1. To illustrate that ASDF files without binary data can be edited by hand, modify a copy of the tagdemo.asdf file with a text editor to double the size of the speed array, and and add another scalar quantity (your choice of attribute name and units; for documentation on astropy units available see: https://docs.astropy.org/en/stable/units/index.html#module-astropy.units.si ). Note that you will need to include the appropriate tags for the new quantity using the other instances as a template.

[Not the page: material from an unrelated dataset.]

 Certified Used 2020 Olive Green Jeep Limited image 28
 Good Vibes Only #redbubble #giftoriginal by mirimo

2. Open with asdf the file ../data/04-exercise2.asdf and use info to find shared items, and all special objects in the file (e.g., anything that is not a dict, list, or primitive value). List these along with their types.

3. Define a common multi-line description for all the dicts that have "widget" in their attribute name and add it as the "description" attribute for that dict. Save the file and confirm by editor, less, or any other tool to view the contents that this description only appears once in the YAML, and is referred to in all other references to it.